Exercise requirements:
Copy out exactly the lines from the one containing "SEW-EURODRIVE DRS71S4/FG/EI76 GEAR MOTOR U4M" to the end of the records below, both included, and nothing else.

==== Information shown ====

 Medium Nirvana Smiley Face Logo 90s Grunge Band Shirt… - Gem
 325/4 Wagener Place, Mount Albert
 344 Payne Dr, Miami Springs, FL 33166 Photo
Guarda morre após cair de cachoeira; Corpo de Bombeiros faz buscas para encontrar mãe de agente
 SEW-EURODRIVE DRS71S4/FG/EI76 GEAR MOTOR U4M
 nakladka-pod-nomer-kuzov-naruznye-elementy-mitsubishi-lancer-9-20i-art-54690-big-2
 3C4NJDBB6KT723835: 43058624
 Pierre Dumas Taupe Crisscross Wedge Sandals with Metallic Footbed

====

Response to this exercise:
 SEW-EURODRIVE DRS71S4/FG/EI76 GEAR MOTOR U4M
 nakladka-pod-nomer-kuzov-naruznye-elementy-mitsubishi-lancer-9-20i-art-54690-big-2
 3C4NJDBB6KT723835: 43058624
 Pierre Dumas Taupe Crisscross Wedge Sandals with Metallic Footbed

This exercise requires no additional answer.